Although she is humble, soft spoken and stands barely over 5 feet, it’s easy to be impressed with pianist Satoko Fujii. Over her recording career, which began in 1996 with a two-piano effort with Paul Bley, she has produced over 100 recordings  as a leader. She regularly crisscrosses oceans, performing constantly  in Japan, Europe and North America where her fiercely creative work in settings from solo to big band has been uniformly celebrated by critics and audiences.

 

On March 31, Fujii made quite the impression on 55 listeners at the Institute For the Musical Arts in Goshen, MA, as she led her Tokyo Trio in an engrossing recital of brand new originals. This concert, part of the Trio’s first North American tour, included stops in Minneapolis, Chicago, Boston, New York, Montreal, Ottawa, Toronto and Vancouver. The band, featuring Takashi Sugawa on bass and Ittetsu Takemura on drums, has been together for seven years and has three recordings to date, including Dream a Dream, which came out last week. But rather than highlighting music from the new disc, (they played only one piece, “Aruku”), Fujii chose to concentrate on even newer music they’ll record next week in New York. Such is life for the forward thinking, boundlessly energetic 66 year old pianist.

 

Monday’s concert covered considerable territory, all of it rugged, untamed and breath taking. Delicate moments of calm repose, eerie sounds from inside the piano, and volcanic eruptions of cacophonous energy filled the barn (and those of us in it), with a sense of wonder at the Trio’s virtuosity and spirit of collaboration.

 

Sections of compositional material featured expectation-defying, pointillistic tutti bursts that crackled and popped.  We moved to the edge of our seats wondering if they could keep the angles together. They nailed endings with the precision of an Olympic gymnast. Other times the threesome floated in a loose configuration that begged the question: written or improvised?
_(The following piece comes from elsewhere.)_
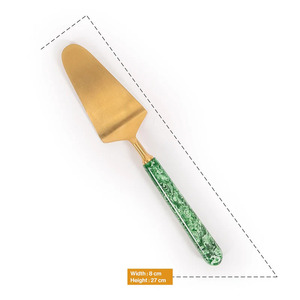 Juego de cubiertos modernos de acero inoxidable de fabricante OEM con mango de resina, acabado liso y diseño de agarre cómodo - Product Image 3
They tossed around the spotlight, allowing everybody ample time for unaccompanied soloing. Most of the evening was spent with the musicians in deep, improvised conversation, providing accents, color and commentary. Their confidence in themselves and each other meant we could sit back and marvel at their ease of execution, which translated into what every band aspires to: a true simpatico.

 

Sugawa and Takemura are more than a generation younger than Fujii. They were clearly thrilled to be sharing the bandstand with her. But she told us how lucky she felt to be playing with them. They are in demand sidemen in Japan.

 

Takashi Sugawa, 45, is a member of bands led by Terumasa Hino and Sadao Watanabe. Hino, the 82 year old trumpeter, and Watanabe, the 92 year old saxophonist, are among the most celebrated jazz musicians in Japan. Educated at Berklee and mentored by Masabumi Kikuchi, Sugawa lives in Tokyo where he leads his Banksia Trio. His technique, both pizzicato and with bow, was impeccable, and at times produced sounds that resembled a human voice or an electronic instrument. Saxophonist Jason Robinson, who recently returned from a tour of Japan, mentioned how most bass players he encountered had the same long hair as Sugawa. What does that mean?

 

Born in Sapporo in 1989, Ittetsu Takemura has been a professional musician since he graduated junior high school. Like Sugawa, he is also a veteran of Sadao Watanabe’s band, as well as a member of ensembles led by Kosuke Mine and Fumio Itabashi. Wearing a suit, polo shirt and sneakers without socks, Takemura cut a cool figure. His precise and expansive drumming was equally striking. He played with great dynamic range while never overplaying. Like his rhythm mate, he was intimate with the material and it showed in the execution.

 

Utilizing the entire keyboard (inside and out), Fujii’s playing was magnificent. She used an e-bow, typically used to vibrate guitar strings, to create synth-like sounds, and used what looked like fishing line to “floss” the strings. She used her forearms on the keys to create density, and played repeated high notes with bell-like effect. She led the band with a light touch, using eye contact and slight head nods to move the music along. In explaining how the music was put together to IMA co-founder June Millington, Sugawa showed her the sheet music. Following Fujii’s lead, they could play the complicated piece through as written, or start at any of its four sections, improvising all the way. For Millington, it was a very different way of organizing music.

 

I first met Satoko Fujii in 2012, when she performed solo as part of A World of Piano, and then in a memorable Solos & Duos Series concert featuring two couples (Fujii/Natsuki Tamura and Carla Kihlstedt/Matthias Bossi) in a series of four duos. Fujii performed a Jazz Shares concert in Northampton with Joe Fonda in February, 2020, and Priscilla Page and I were witness to the recording of her 100th album,  Hyaku, One Hundred Dreams, at the DiMenna Center for Classical Music in New York in 2022. Fujii is an unassuming master, largely unknown among U.S. audiences, but revered by those in the know. She is the right kind of restless and I’m grateful to be in her orbit.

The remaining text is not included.